In a statement welcoming the ruling, CCR president Dorota Blumczynska said: "The court could hardly fail to be moved by the testimonies of the appalling experiences of people in the U.S. immigration detention system, after Canada closed the doors on them. Their experiences show us--and convinced the court -- that the U.S. cannot be considered a safe country for refugees."
The agreement remains in effect, however, because McDonald gave the Canadian government six months to respond.

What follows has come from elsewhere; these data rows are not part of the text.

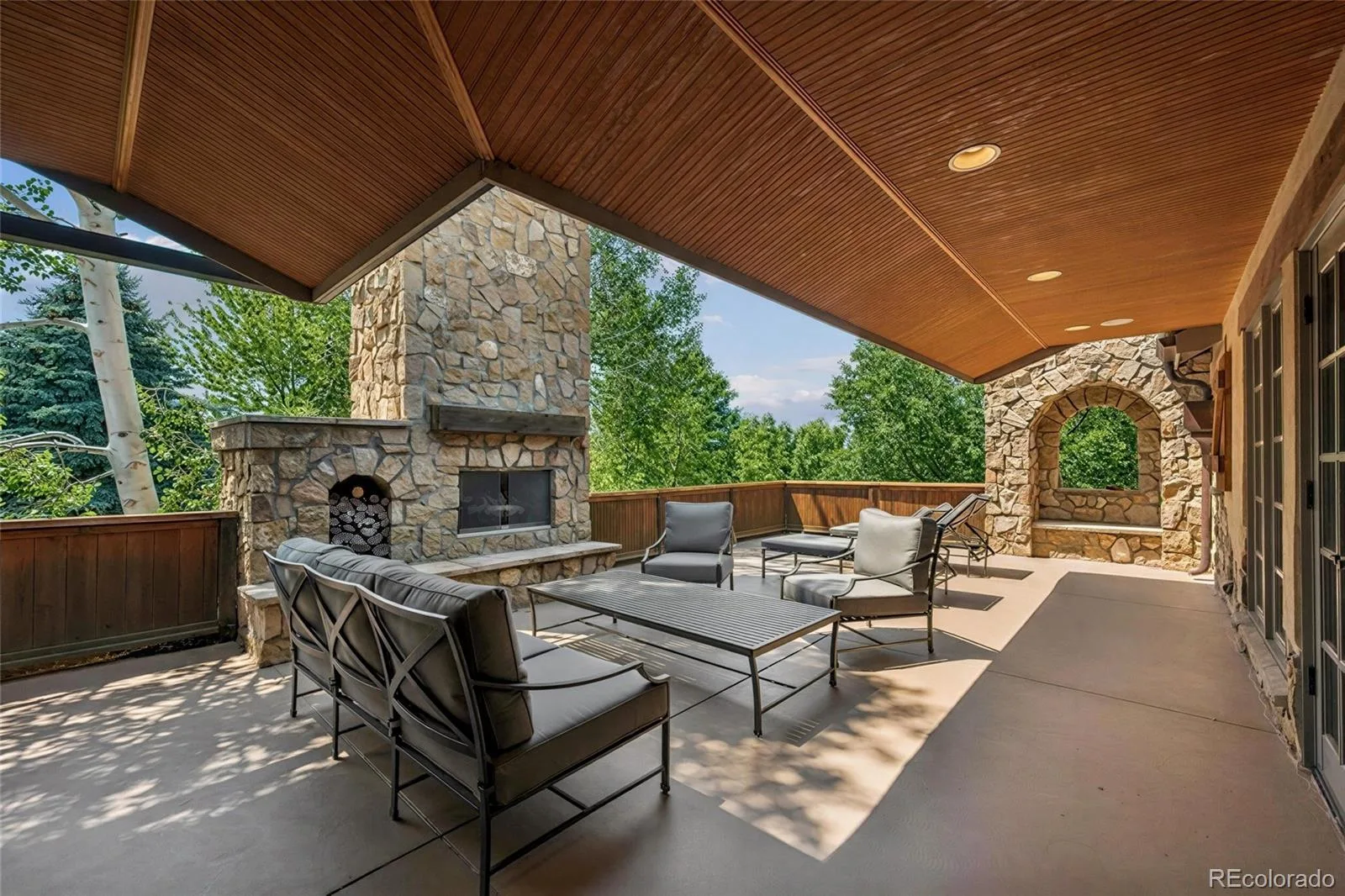 1 Gooseberry Lane Cherry Hills Village CO 80113 | MLS #REC1887139 08112026194540 1600 16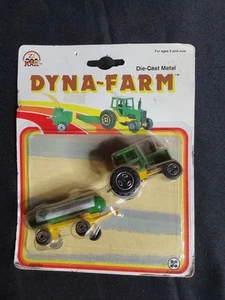 1993 Dyna Farm Die Cast Metal  1:64 Scale Tractor - Picture 1 of 2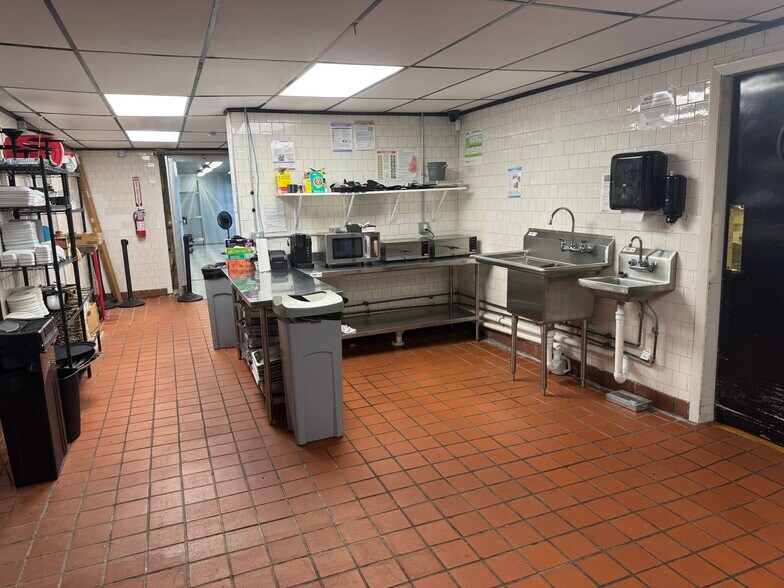More Photos Of 32400 Geneva Rd, Salem General Retail For Sale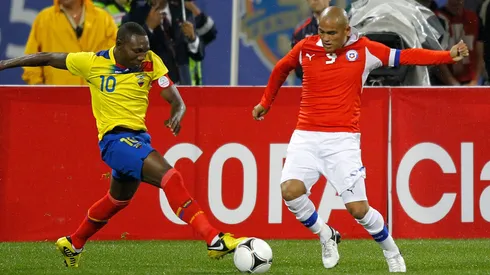 Walter Ayoví lucha con Humberto Suazo un balón en un duelo entre Chile y Ecuador.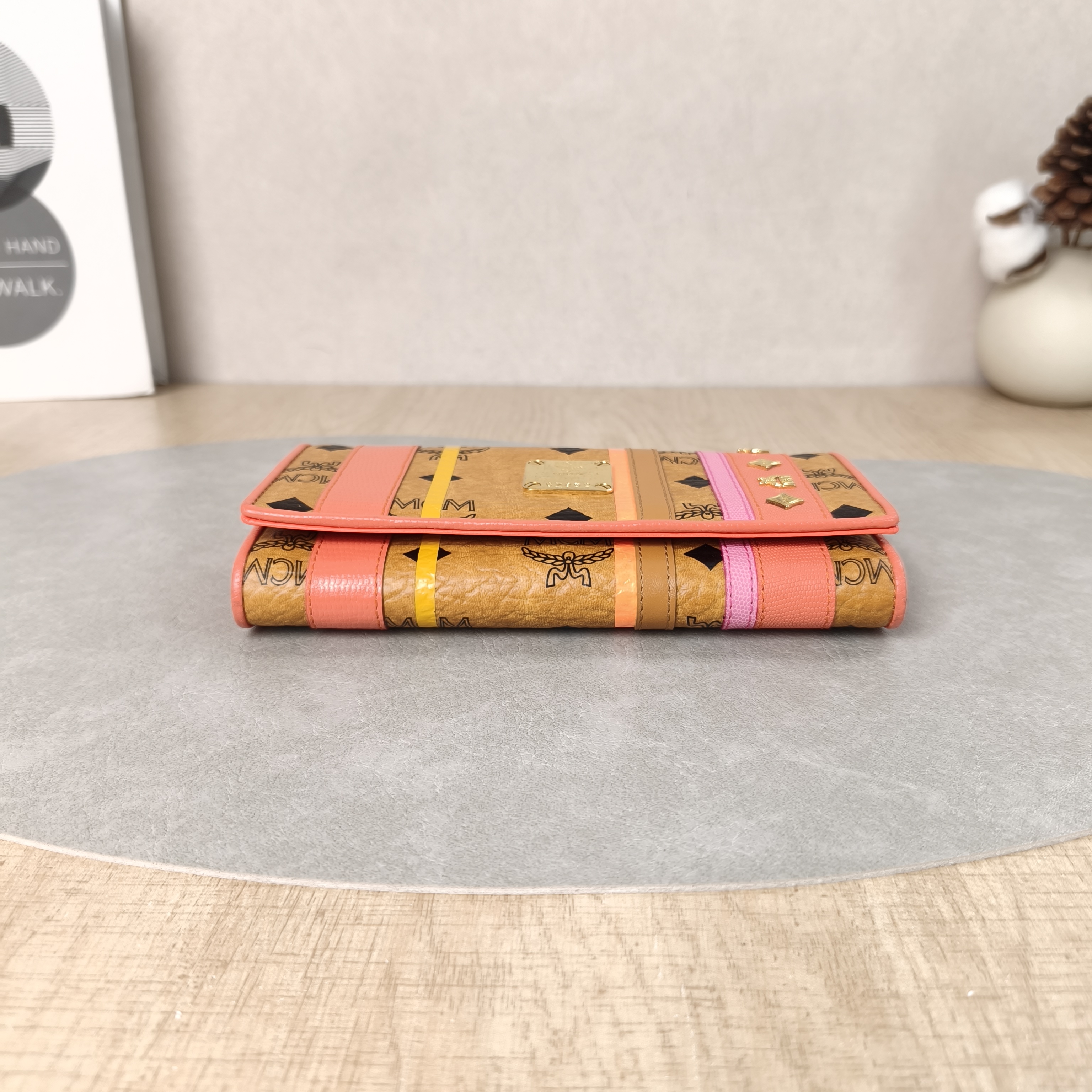 MCM Wallet Wallet PVC One Size17.5 × 3 × 9.5 cm — cover view 2 of 5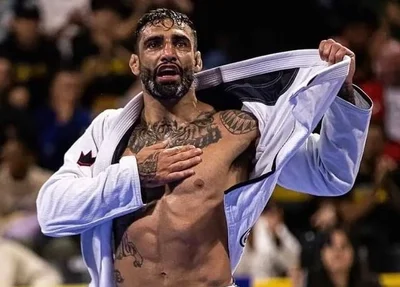 O campeão mundial de jiu-jitsu Leandro Lo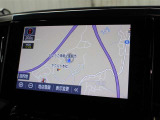 9インチのディスプレイオーディオにはナビキットを搭載。フルセグTV、AM/FM(ワイドFM対応)。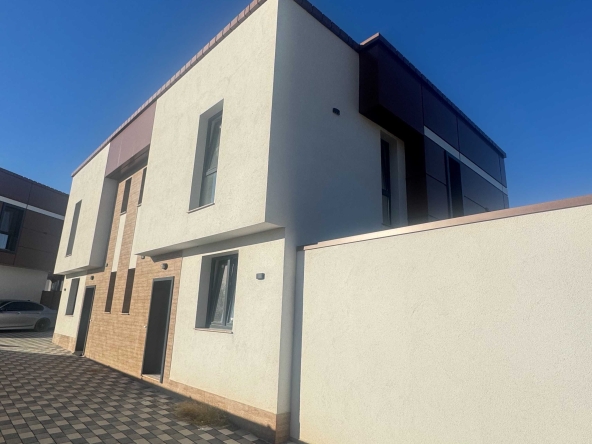 Къща в с. Марково, Област Пловдив - 170 кв.м за 1706 €/кв.м - Снимка #1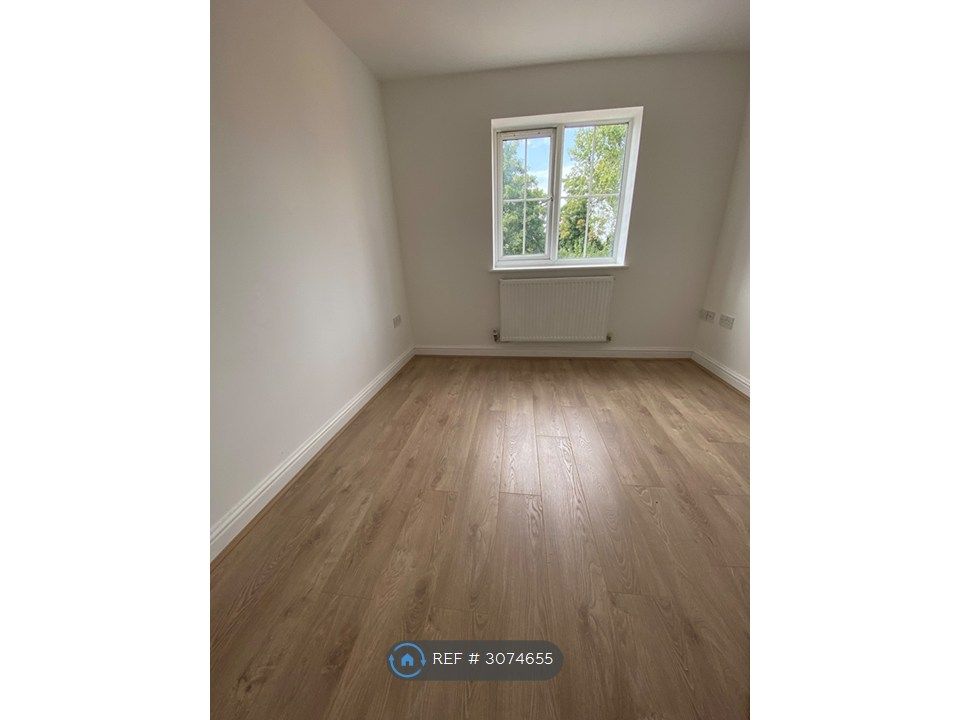 Property photo 3 of 6 Bedroom 1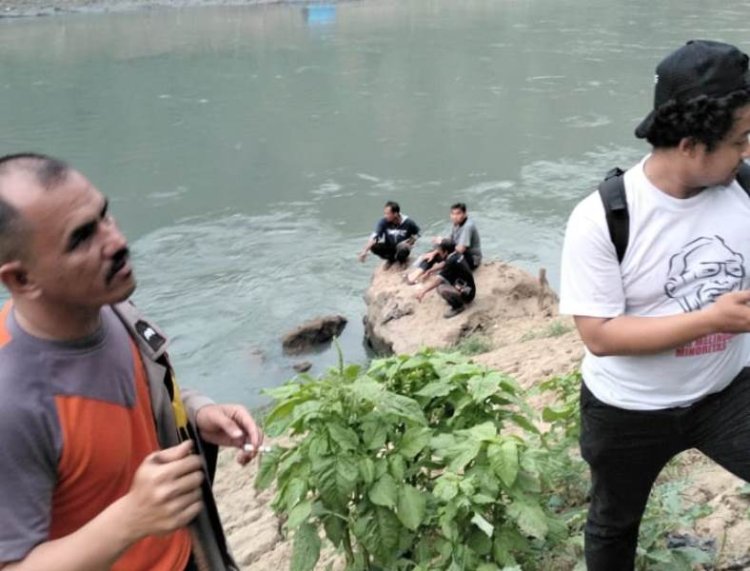 Masuki Hari Kedua Pencarian Bocah Tenggelam di Sungai Citarum, Upaya Basarnas Masih Nihil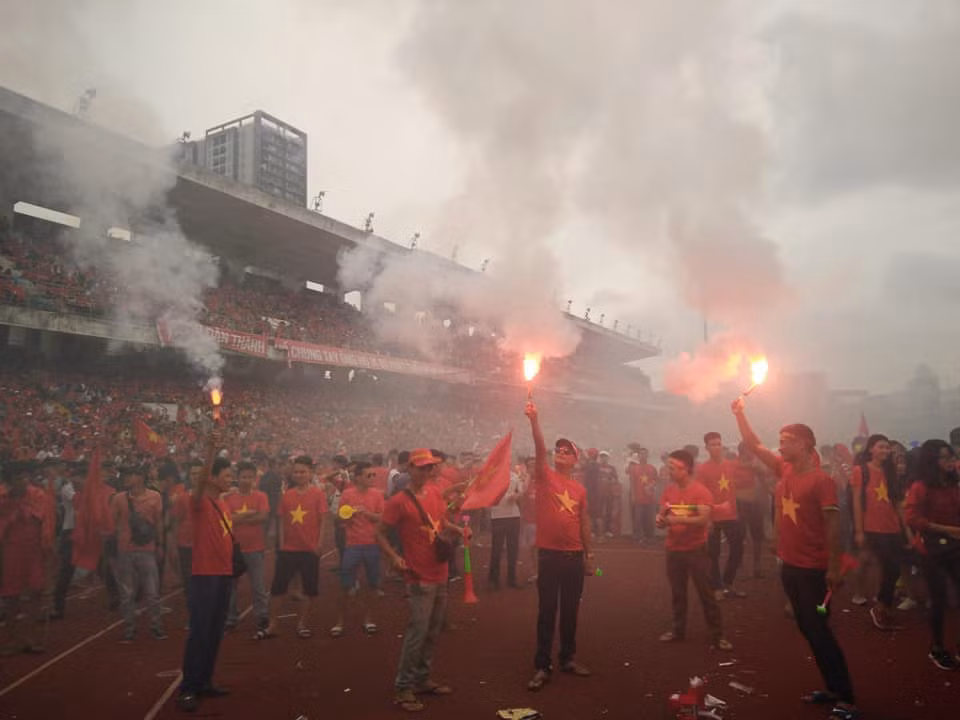 Pháo sáng, cờ đỏ rực sân Lạch Tray trước trận Việt Nam – UAE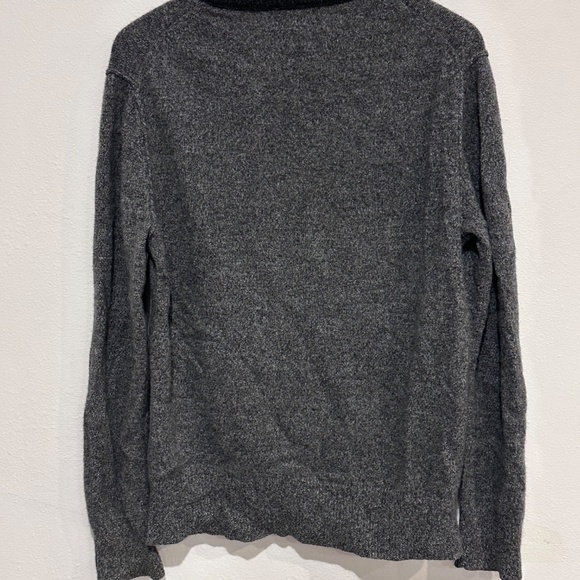 Banana Republic Men's Wool Sweater - Picture 5 of 6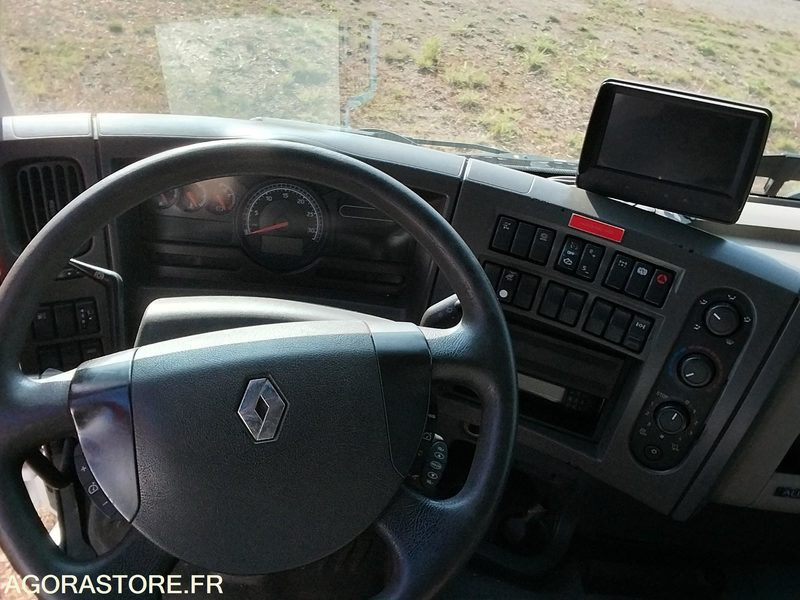 RENAULT PREMIUM 380-26 / 2010 / 475 190 km - Camião chassi: foto 4 RENAULT PREMIUM 380-26 / 2010 / 475 190 km - Camião chassi: foto 4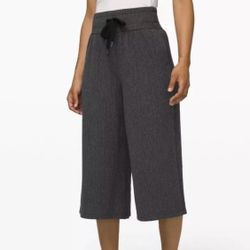New Lululemon Retreat Yourself Crop Pants Women's Size 6 in Heathered Core Dark Grey. Tag is still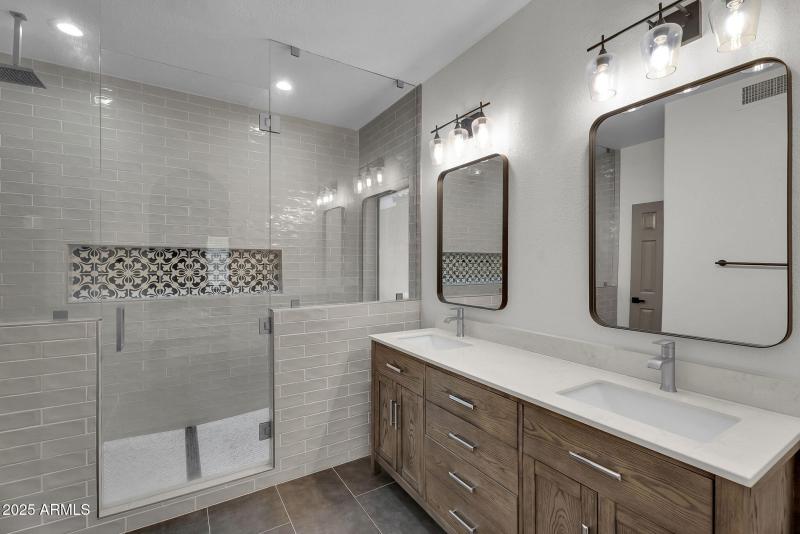 24-web-or-mls-Star Valley-33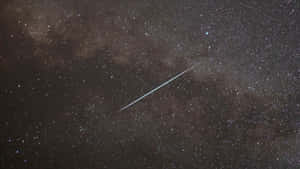 一顆流星劃過有宇宙雲的星空夜空。 — 美麗的夜晚 壁紙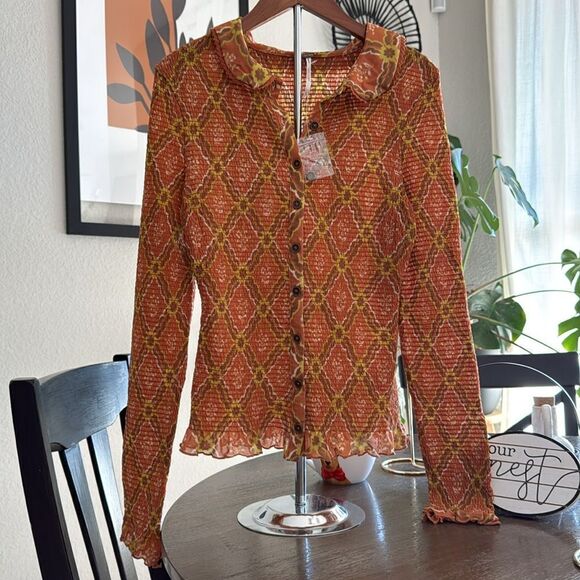 NWOT Free People Caught a Feeling Button Down Long Sleeves S Slim Fit Smocked - Picture 6 of 15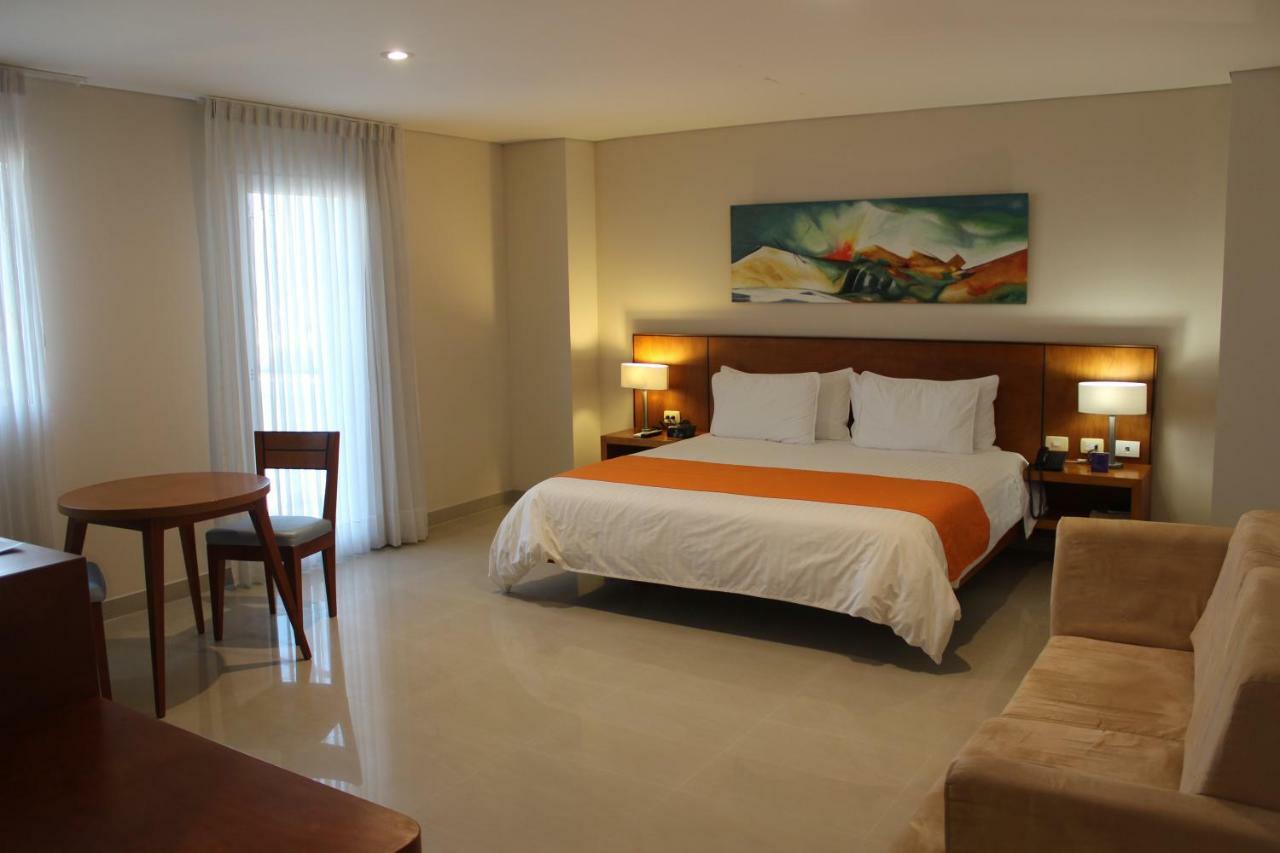 Hotel Atrium Plaza Barranquilla  Bagian luar foto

An appeal is possible.
In light of that time frame, Alex Neve, secretary general of Amnesty International Canada, said "it is imperative that Canada immediately end the return of claimants to the U.S."
Neve said the pact has been "the source of grave human rights violations for many years, unequivocally confirmed in this ruling."
"That cannot be allowed to continue one more day," he said, "and is of even greater concern now given the prevalence of Covid-19 in immigration detention in the United States."